In lectures… *write* notes

Thursday, 15 May, 2014

Came across this nice piece over at The Atlantic on taking lecture notes…. the short takeaway is that writing lecture notes helps you remember them more easily. However lets dig in to the report a little further….

They conducted a trial: (1) Watch lecture and take notes, (2) Complete irrelevant mental tasks for 30 minutes and (3) Take a quiz on the material. Step (2) is important to allow the “forgetting curve” to kick in (see here). The key finding, as reported, is this:

“In this group, longhand-notetakers outperformed laptop-notetakers on the quiz. Analysis of student notes showed that laptop-notetakers tended to transcribe a lot of the speaker’s words verbatim. Mueller and Oppenheimer suspected that this was because those who typed notes were inclined to transcribe lectures, rather than process them. This makes sense: If you can type quickly enough, word-for-word transcription is possible, whereas writing by hand usually rules out capturing every word.”

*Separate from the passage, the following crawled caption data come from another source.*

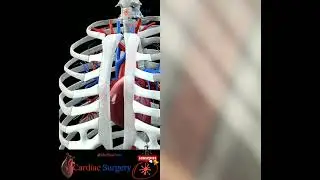 #anatomy #cmbbs Join this channel and become an insider member.Subscribe for free to see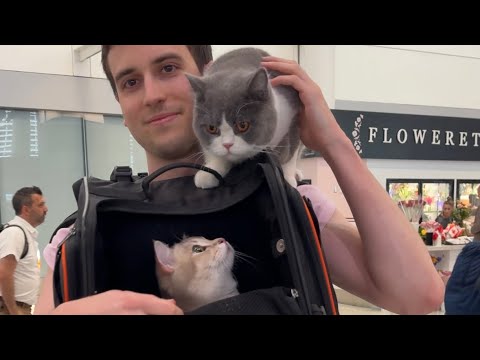How we travel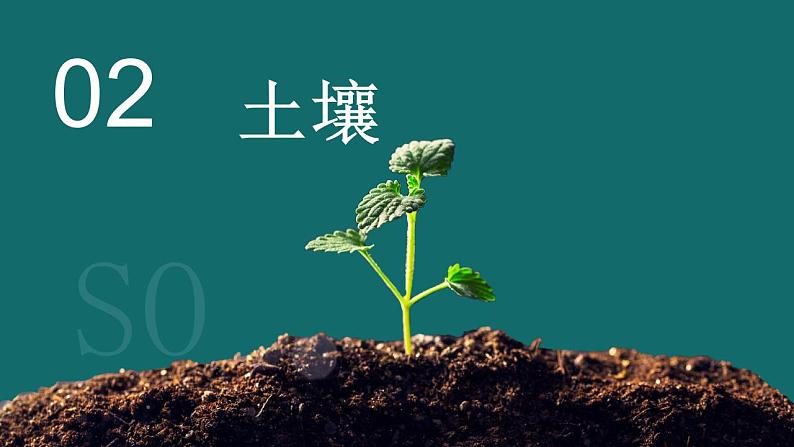 考点08 植被与土壤（第2课时）—备战2024年高考地理一轮复习优质课件（通用版）第7页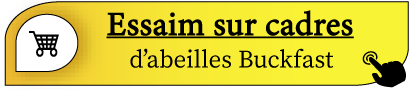 essaim nu abeilles buckfast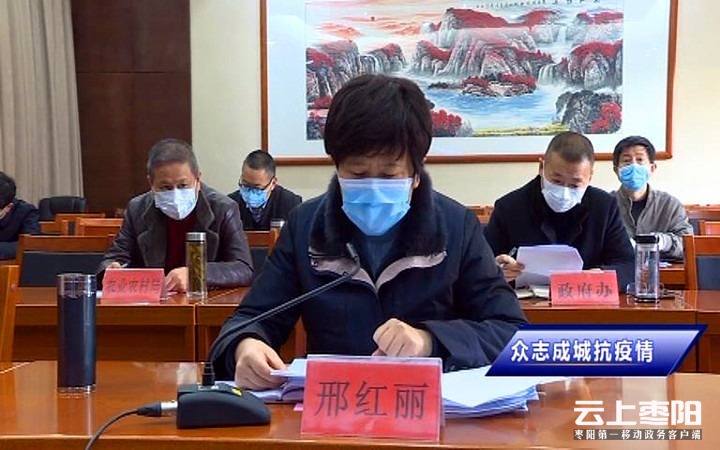 市委常委,副市长邢红丽在枣阳分会场参加会议.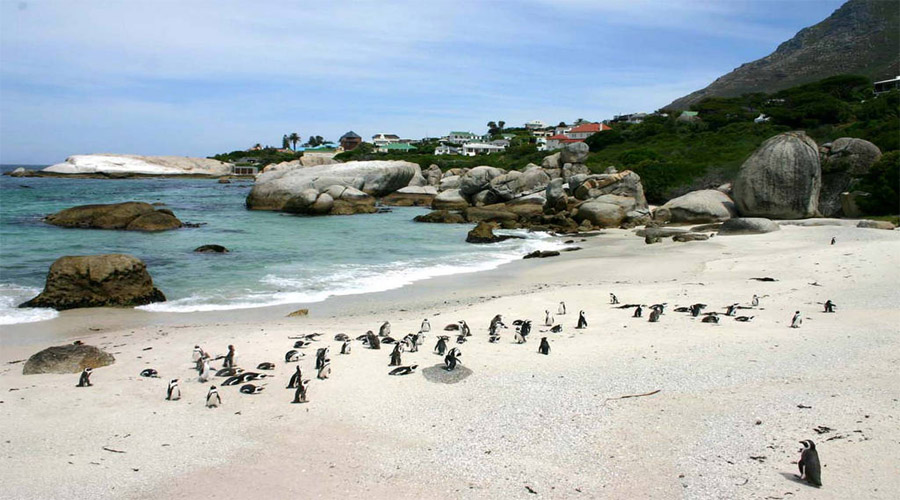 Boulders Beach Capetown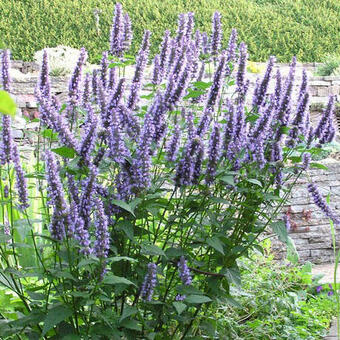 Agastache 'Blackadder'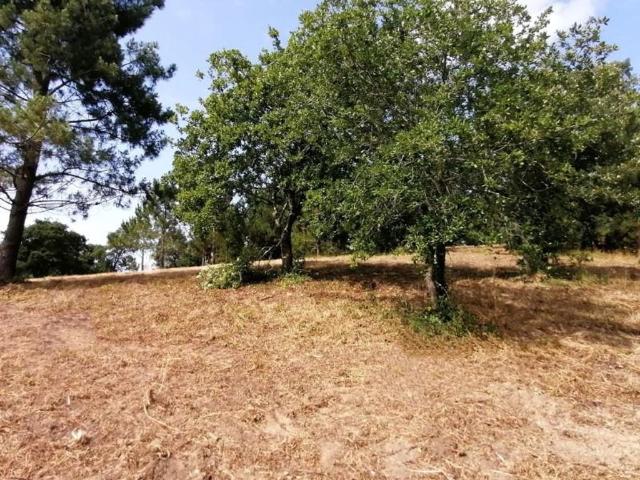 Terreno venda em A-da-Gorda, Óbidos
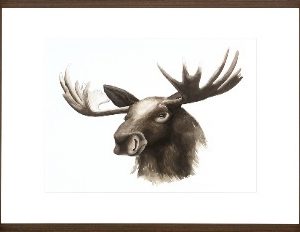 Animal Study III
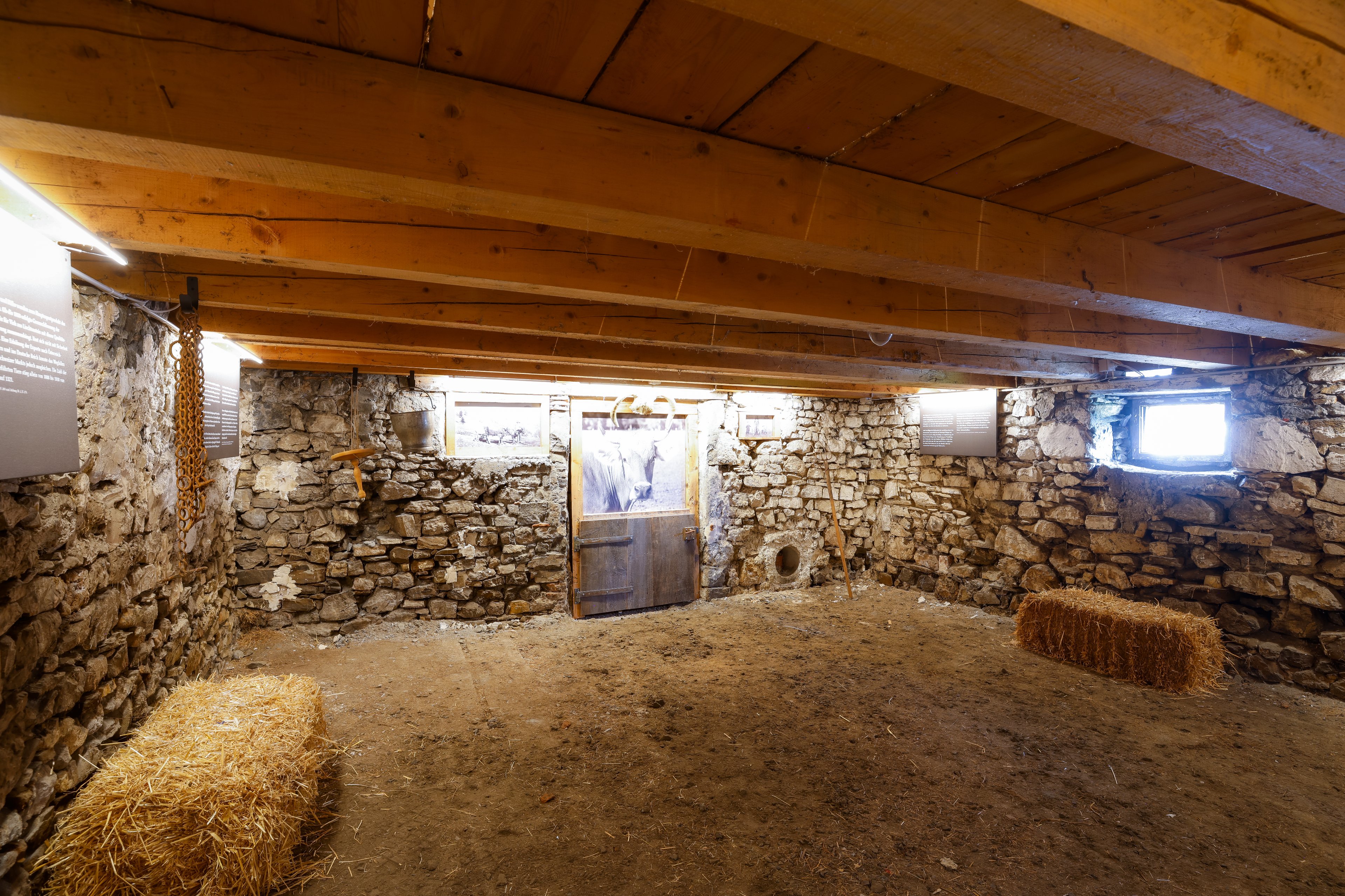 Stallgebäude in der Specki_10.jpg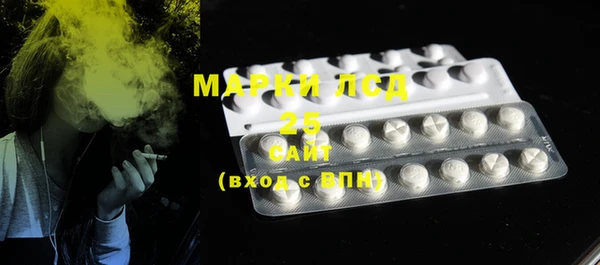 PSILOCYBIN Алзамай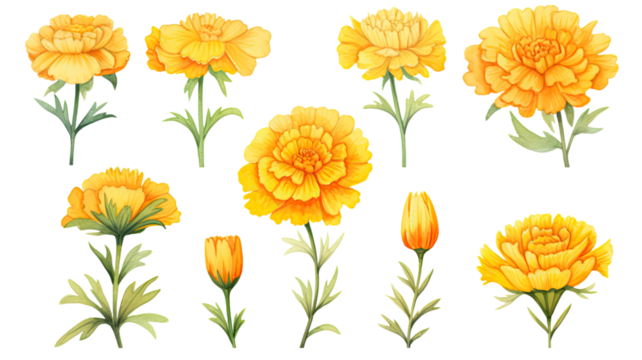 a collection of soft watercolor marigolds flowers isolated on a transparent background, generative ai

Being able to type quickly means that you become mentally lazy - the key point which was NOT drawn out is this…. deep learning takes place when you assimilate new ideas, classify them, interpret them, interject them with your own thoughts, rework them in to your mindset and then see where you started. Surficial learning occurs when you simply try to “record” what is being said - this could be by recording the audio and then just listening, or it could be writing it all down, verbatim, word-for-word. This is knowledge, not learning. If all you want to do is this, buy a book, read it. Don’t waste your time going to a lecture!! If however you really do want to learn, treat the lecture as an interactive medium - the lecturer shouldn’t be there to simply read out a set of notes to you, but rather introduce you to new ideas, concepts or techniques, get you to practice them, think about them, assimilate them…. reframe what you hear within your own understanding or context, ask questions in order for it to make sense, be classified, within your mindset. In the genuine sense of the word, your are turning your ignorance in to learning, but it is only with that active participation that this can happen.

So it’s not about laptops or writing, but rather our approaches to learning…unfortunately it appears many students can’t make that distinction, even when they are told about it.